| DESCRIPTION OF THE TASK |
Scan the lines below for "Women" and copy the matches.

| SOURCE INFORMATION |
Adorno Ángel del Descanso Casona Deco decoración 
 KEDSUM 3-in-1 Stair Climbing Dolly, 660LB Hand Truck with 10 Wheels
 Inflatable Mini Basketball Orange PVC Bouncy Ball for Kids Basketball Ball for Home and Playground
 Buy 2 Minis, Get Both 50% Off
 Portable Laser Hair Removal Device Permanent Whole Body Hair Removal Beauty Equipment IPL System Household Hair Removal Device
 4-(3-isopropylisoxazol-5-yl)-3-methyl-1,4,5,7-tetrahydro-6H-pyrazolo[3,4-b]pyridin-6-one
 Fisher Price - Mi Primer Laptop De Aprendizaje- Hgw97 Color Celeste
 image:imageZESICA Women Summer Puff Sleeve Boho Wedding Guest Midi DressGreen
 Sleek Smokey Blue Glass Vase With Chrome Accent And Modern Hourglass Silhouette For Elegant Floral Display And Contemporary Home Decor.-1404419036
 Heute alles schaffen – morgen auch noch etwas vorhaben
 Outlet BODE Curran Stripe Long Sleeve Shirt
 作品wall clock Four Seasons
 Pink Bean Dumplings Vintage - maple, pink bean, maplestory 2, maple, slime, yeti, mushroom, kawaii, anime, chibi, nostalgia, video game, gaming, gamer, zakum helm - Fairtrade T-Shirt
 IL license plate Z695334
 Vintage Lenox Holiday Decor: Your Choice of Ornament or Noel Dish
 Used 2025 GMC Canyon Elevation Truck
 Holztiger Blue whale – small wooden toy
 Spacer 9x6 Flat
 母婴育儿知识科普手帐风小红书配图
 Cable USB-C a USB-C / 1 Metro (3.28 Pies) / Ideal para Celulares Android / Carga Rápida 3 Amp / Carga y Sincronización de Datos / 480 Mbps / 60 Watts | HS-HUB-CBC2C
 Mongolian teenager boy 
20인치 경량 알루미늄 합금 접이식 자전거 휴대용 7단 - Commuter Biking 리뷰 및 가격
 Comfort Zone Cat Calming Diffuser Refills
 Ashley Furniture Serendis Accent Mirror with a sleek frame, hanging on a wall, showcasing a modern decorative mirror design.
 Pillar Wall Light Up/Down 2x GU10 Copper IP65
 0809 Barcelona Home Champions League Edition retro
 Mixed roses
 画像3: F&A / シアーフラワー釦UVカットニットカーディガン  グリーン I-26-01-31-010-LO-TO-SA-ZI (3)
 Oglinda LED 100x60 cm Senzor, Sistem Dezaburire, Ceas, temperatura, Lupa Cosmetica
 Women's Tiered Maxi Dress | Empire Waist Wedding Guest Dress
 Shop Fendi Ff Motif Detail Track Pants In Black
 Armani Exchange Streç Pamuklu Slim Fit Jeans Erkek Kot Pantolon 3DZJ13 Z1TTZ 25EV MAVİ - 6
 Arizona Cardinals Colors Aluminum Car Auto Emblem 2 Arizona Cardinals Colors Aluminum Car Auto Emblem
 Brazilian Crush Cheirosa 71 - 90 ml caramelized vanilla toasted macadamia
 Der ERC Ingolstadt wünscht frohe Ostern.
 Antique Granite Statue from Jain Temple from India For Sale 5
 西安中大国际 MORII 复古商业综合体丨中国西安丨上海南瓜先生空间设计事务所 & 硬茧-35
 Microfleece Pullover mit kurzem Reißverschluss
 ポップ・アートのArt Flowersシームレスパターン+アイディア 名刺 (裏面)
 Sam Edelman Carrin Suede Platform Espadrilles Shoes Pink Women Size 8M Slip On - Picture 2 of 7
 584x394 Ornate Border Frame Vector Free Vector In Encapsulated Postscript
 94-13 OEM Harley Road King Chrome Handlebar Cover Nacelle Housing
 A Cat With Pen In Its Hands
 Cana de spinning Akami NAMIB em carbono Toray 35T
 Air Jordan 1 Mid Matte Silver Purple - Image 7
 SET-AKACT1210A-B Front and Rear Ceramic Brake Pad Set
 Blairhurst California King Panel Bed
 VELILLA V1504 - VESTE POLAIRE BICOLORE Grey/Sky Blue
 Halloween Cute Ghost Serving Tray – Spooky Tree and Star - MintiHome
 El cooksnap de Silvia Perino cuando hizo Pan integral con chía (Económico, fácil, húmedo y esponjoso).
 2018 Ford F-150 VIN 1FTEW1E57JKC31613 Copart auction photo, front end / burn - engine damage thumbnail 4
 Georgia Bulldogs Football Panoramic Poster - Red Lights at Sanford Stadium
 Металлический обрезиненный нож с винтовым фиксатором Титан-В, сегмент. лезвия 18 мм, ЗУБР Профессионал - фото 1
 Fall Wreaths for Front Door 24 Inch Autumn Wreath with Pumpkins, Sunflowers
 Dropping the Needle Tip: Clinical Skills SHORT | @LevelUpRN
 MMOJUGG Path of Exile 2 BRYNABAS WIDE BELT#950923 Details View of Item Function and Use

| RESULT OF THE EXERCISE |
 image:imageZESICA Women Summer Puff Sleeve Boho Wedding Guest Midi DressGreen
 Women's Tiered Maxi Dress | Empire Waist Wedding Guest Dress
 Sam Edelman Carrin Suede Platform Espadrilles Shoes Pink Women Size 8M Slip On - Picture 2 of 7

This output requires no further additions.